Stripe Deploys 1,000 Times A Day And You Don't Deploy On Fridays
If you don't know, the thing to do is not to get scared, but to learn
Does your pipeline ground to a halt on Fridays? Good.
I don’t want to preach to the choir here; I’m looking for those who are afraid that a bad release will ruin their weekend. And for those afraid to get back on Monday and find the system on fire.
I’m looking for them, because they’re right.
You must protect your offtime, and you must never miss anything important during a release.
But those are poor reasons to avoid deploys on Friday.
There is a recent video of the CEO of Stripe at Stripe Sessions in which he claimed that, in 2024, the company shipped 1,145 pull requests into production per day.
With 8,500 employees, and 40 percent of those working as engineers, that means that each engineer deploys once every 3 days.
All while having 99.999 percent availability for the entire year.
Neither your company nor mine deploys a thousand times a day. But having each engineer deploy once every 3 days? That’s not an unreasonable target, right?
That is, unless you’re banned from deploying on Fridays.
But first, why does deploying one extra day even matter?
Server-based businesses are built on speed
If you write software that’s bought and used online, as a service, you can do anything.
Your only constraint, really, is that others can do it too. You’re in competition with companies offering similar products, and each and every customer that buys from you is frequently pushed to switch to your competitors.
The only reason that keeps them from switching so far has been your reputation for giving them what they’re looking for.

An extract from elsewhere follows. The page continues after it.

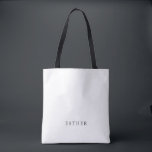 Vintages Skript Mit Monogramm Bridesmaid Tote Bag Tasche<br><div class="desc">Dieses Vintage Drehbuch mit Monogramm Bräunungsspieltasche ist das ideale Geschenk für sie. Das romantische Schwarz-Weiß-Design besticht durch eine einzigartige whimsical Typografie mit schlichter böhmischer Optik. Anpassbar in jeder Farbe. Behalt das Design minimal und elegant,  wie es ist,  oder personalisiere es durch Hinzufügen von eigenen Grafiken und Kunstwerken.</div>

Psychologically, that translates into this: only an alternative that’s 10x better will make your customers overcome the inertia.
The bad news is that the reason your competitors’ customers don’t switch to buy from you is exactly the same. Every day, you’re either keeping up with the competition or trying to become 10x better than them.
And assuming that the other companies have competent engineers who can develop the same features you can, your only advantage is to deliver those features first.
If you write software that’s bought and sold online, the only competitive advantage is speed.
It was obvious that rapid development would be important in this market. We were all starting from scratch, so a company that could get new features done before its competitors would have a big advantage. We knew Lisp was a really good language for writing software quickly, and server-based applications magnify the effect of rapid development, because you can release software the minute it's done.
— Paul Graham, Beating The Averages
But speed is at odds with quality. If you’re biased for action, you may be biased for rushed action.
You only have a single go at a first impression, and if users see a buggy implementation, there’s no recovering from that. Even the tiniest error is amplified by the many customers already using your product.
So the answer, for some engineers, is to avoid the situations where deploys are extra risky. Like Fridays.
As a company gets successful, your track record, your brand, becomes a pseudo-advantage. You’re slower, but reliable. At least for now.
And you hope that delivering the highest quality software on the first deploy will make up for the slowness.
Quality, or Speed. Pick one.
Or so the thinking goes.
The Velocity Initiative
The flawed assumption in the quality vs speed dilemma is the belief that systems are monolithic, and are changed linearly.
That is, the system is comprehensible, and we can arrive at increasingly high quality by testing it more in a safe environment, and fix the bugs before we go live with the changes.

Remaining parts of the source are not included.